▶ Your goal
All entries should be output exactly as they stand.

**** Data extracts ****

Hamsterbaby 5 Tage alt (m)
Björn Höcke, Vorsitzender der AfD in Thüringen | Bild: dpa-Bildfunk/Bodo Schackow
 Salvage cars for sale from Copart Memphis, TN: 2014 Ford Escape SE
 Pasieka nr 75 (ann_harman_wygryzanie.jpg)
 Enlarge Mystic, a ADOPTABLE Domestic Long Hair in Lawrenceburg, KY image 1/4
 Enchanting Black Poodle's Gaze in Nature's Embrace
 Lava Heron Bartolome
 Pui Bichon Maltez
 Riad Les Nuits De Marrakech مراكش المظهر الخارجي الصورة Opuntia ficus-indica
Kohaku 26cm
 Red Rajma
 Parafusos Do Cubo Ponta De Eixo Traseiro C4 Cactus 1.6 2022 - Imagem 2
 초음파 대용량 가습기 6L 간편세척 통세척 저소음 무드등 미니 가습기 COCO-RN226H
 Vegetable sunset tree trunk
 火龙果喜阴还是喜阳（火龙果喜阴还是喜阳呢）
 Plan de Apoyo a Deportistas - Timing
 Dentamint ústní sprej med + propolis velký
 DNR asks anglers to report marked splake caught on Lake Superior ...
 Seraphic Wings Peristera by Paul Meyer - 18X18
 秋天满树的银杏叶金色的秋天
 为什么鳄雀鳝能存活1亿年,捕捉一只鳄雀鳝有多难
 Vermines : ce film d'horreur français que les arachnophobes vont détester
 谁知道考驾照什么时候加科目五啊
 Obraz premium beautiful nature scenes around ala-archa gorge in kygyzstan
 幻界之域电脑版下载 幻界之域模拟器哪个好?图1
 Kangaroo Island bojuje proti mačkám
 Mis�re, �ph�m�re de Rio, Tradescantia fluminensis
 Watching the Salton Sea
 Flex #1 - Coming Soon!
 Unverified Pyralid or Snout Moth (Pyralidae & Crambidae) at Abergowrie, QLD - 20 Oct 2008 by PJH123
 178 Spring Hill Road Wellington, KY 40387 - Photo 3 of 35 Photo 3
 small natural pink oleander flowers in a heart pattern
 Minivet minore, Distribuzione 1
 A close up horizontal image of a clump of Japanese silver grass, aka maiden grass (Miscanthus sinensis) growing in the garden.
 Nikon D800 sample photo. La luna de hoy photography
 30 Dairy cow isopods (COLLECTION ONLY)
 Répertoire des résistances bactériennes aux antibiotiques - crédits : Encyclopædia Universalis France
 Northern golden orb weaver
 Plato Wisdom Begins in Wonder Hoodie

****

▶ Task response
Hamsterbaby 5 Tage alt (m)
Björn Höcke, Vorsitzender der AfD in Thüringen | Bild: dpa-Bildfunk/Bodo Schackow
 Salvage cars for sale from Copart Memphis, TN: 2014 Ford Escape SE
 Pasieka nr 75 (ann_harman_wygryzanie.jpg)
 Enlarge Mystic, a ADOPTABLE Domestic Long Hair in Lawrenceburg, KY image 1/4
 Enchanting Black Poodle's Gaze in Nature's Embrace
 Lava Heron Bartolome
 Pui Bichon Maltez
 Riad Les Nuits De Marrakech مراكش المظهر الخارجي الصورة Opuntia ficus-indica
Kohaku 26cm
 Red Rajma
 Parafusos Do Cubo Ponta De Eixo Traseiro C4 Cactus 1.6 2022 - Imagem 2
 초음파 대용량 가습기 6L 간편세척 통세척 저소음 무드등 미니 가습기 COCO-RN226H
 Vegetable sunset tree trunk
 火龙果喜阴还是喜阳（火龙果喜阴还是喜阳呢）
 Plan de Apoyo a Deportistas - Timing
 Dentamint ústní sprej med + propolis velký
 DNR asks anglers to report marked splake caught on Lake Superior ...
 Seraphic Wings Peristera by Paul Meyer - 18X18
 秋天满树的银杏叶金色的秋天
 为什么鳄雀鳝能存活1亿年,捕捉一只鳄雀鳝有多难
 Vermines : ce film d'horreur français que les arachnophobes vont détester
 谁知道考驾照什么时候加科目五啊
 Obraz premium beautiful nature scenes around ala-archa gorge in kygyzstan
 幻界之域电脑版下载 幻界之域模拟器哪个好?图1
 Kangaroo Island bojuje proti mačkám
 Mis�re, �ph�m�re de Rio, Tradescantia fluminensis
 Watching the Salton Sea
 Flex #1 - Coming Soon!
 Unverified Pyralid or Snout Moth (Pyralidae & Crambidae) at Abergowrie, QLD - 20 Oct 2008 by PJH123
 178 Spring Hill Road Wellington, KY 40387 - Photo 3 of 35 Photo 3
 small natural pink oleander flowers in a heart pattern
 Minivet minore, Distribuzione 1
 A close up horizontal image of a clump of Japanese silver grass, aka maiden grass (Miscanthus sinensis) growing in the garden.
 Nikon D800 sample photo. La luna de hoy photography
 30 Dairy cow isopods (COLLECTION ONLY)
 Répertoire des résistances bactériennes aux antibiotiques - crédits : Encyclopædia Universalis France
 Northern golden orb weaver
 Plato Wisdom Begins in Wonder Hoodie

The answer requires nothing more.